A DEFENCE solicitor today called for the law of the land to be applied across the board and not selectively, after his client had spent 23 hours in custody on a charge of possessing cannabis.

Roger Pickles told Blackburn magistrates that had Abdul Malik been stopped in certain boroughs in London, he would have been spoken to, the drugs confiscated and sent on his way.

"That would have been the end of the matter," said Mr Pickles. "In Blackburn, he has been arrested, interviewed, locked up because of his previous bail record and had his liberty taken away from him for 23 hours.

"To be frank, it is not fair. We are one country and we should have one law applied to all. My client was found with £7.50-worth of cannabis and he has had his liberty taken away from him for over 23 hours."

Malik, 25, of Conway Avenue, Blackburn, pleaded guilty to possession of cannabis and was fined £20 with £40 costs.

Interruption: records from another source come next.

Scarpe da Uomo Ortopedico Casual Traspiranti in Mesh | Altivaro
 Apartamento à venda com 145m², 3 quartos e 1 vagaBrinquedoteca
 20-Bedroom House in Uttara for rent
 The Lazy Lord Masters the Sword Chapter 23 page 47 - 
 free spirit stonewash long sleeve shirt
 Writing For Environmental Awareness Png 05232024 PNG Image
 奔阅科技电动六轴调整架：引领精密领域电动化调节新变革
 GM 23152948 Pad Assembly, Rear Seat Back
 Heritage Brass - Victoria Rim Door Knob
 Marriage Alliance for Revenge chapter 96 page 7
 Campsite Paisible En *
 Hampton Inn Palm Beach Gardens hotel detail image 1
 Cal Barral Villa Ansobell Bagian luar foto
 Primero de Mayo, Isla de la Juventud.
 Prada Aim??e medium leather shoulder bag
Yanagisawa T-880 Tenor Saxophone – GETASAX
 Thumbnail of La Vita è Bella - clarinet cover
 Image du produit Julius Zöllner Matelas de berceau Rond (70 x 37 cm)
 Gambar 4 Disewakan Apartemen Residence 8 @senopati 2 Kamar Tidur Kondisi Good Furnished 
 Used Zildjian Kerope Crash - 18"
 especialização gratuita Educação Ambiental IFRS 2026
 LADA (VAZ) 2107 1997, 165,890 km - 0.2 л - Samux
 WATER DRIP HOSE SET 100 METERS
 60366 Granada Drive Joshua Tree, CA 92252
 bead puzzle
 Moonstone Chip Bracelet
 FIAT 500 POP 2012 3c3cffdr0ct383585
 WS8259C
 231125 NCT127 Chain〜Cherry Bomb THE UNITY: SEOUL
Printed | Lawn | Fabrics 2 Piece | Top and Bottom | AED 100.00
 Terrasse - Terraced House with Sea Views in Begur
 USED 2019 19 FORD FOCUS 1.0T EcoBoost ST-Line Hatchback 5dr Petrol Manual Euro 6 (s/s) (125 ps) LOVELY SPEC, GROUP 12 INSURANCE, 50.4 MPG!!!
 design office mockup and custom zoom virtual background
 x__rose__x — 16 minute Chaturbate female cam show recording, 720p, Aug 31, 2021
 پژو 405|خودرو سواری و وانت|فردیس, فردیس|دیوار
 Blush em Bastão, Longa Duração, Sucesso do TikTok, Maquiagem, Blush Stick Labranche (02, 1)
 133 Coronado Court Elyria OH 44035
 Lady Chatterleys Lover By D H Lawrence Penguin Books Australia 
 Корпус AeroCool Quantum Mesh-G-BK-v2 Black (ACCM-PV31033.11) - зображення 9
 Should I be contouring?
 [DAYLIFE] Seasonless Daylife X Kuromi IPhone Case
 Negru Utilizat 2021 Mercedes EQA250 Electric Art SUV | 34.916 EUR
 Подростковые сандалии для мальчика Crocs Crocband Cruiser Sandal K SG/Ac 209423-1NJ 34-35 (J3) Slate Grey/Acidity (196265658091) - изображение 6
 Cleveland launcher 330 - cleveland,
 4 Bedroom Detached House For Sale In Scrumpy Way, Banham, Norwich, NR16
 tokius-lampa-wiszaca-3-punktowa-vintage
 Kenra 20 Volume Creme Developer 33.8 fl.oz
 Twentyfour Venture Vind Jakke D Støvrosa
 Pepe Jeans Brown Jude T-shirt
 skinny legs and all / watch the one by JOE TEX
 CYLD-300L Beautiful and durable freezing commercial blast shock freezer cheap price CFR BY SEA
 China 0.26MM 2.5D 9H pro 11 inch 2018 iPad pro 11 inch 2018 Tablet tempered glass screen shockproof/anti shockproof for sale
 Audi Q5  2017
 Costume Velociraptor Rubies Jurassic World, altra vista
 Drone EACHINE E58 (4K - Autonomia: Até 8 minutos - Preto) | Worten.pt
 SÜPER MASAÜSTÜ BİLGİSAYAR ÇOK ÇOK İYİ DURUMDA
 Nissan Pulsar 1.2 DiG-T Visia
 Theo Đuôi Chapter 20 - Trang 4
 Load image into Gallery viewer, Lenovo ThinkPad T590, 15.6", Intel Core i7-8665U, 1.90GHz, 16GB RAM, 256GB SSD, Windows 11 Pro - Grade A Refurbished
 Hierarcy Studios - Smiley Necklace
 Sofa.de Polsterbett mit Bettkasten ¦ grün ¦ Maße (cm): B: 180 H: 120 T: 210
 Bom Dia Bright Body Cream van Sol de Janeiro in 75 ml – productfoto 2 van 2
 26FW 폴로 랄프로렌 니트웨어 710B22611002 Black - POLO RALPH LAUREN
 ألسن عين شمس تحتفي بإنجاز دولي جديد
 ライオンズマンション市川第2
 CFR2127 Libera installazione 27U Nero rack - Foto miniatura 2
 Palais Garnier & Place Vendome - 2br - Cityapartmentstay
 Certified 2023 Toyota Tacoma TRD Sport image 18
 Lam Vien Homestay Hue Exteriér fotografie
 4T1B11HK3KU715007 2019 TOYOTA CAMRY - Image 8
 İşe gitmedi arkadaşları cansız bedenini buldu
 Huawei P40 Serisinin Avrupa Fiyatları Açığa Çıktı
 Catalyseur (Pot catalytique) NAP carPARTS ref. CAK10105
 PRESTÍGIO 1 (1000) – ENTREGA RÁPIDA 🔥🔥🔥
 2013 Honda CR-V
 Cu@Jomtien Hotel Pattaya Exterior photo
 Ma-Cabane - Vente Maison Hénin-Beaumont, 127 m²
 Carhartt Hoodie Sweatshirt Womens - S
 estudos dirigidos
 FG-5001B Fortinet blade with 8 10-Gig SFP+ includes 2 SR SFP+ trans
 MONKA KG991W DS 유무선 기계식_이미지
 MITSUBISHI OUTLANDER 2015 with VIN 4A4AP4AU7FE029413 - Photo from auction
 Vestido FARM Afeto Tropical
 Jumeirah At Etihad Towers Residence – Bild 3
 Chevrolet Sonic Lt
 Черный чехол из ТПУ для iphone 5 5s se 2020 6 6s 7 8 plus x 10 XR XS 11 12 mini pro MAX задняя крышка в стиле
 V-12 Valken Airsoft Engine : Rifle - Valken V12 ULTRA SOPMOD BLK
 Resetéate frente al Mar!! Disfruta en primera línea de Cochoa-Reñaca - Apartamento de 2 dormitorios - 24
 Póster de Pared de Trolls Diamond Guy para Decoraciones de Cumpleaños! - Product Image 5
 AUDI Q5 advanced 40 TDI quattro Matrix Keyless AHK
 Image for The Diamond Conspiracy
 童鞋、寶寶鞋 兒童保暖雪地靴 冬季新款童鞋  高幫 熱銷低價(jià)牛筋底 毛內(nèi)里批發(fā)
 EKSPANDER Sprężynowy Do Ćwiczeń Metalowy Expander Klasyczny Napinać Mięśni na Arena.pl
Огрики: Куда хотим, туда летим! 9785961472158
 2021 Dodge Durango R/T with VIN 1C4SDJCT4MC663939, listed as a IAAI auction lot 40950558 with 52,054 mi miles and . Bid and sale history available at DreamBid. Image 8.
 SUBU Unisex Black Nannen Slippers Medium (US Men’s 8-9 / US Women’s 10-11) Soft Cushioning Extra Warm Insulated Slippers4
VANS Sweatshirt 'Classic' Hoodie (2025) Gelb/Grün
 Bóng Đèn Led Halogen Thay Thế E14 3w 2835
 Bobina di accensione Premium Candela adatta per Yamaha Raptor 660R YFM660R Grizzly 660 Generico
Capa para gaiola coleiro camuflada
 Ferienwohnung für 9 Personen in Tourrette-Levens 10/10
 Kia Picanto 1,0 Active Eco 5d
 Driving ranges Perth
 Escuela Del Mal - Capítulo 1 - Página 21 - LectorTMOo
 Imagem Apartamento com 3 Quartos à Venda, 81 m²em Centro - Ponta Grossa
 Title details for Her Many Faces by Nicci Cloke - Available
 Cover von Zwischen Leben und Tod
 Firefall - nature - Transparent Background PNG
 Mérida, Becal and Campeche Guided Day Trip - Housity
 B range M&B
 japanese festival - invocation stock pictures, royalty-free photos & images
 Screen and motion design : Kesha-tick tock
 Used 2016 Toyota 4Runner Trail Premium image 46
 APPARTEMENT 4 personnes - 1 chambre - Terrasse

Passing sentence, the chairman of the bench said that what happens in Lambeth is not relevant to what happens in Blackburn.

Speaking after the court case, Mr Pickles said he did not blame Blackburn Police as they were just enforcing the law.

But he said there should be equal punishment not only across the land -- but in Blackburn as well.

He criticised a new police scheme to be launched in Blackburn, as highlighted in the Lancashire Evening Telegraph this week, where clubbers found with small amounts of drugs will have them taken off them and refused entry. The police will not be informed and no legal action will be taken.

He said: "There has obviously been an injustice towards my client. If he had been found with his £7.50 of cannabis in Lambeth the police would not have even took him to the station.

"And if he had tried to get into somewhere like Utopia, he would have had it taken off him and not been prosecuted.

"But because police found him with it, he spent 11 hours in a police cell. It all seems bizarre to me.

"Cannabis is illegal, but it is viewed differently not only in different counties, but it seems in different areas of the same town."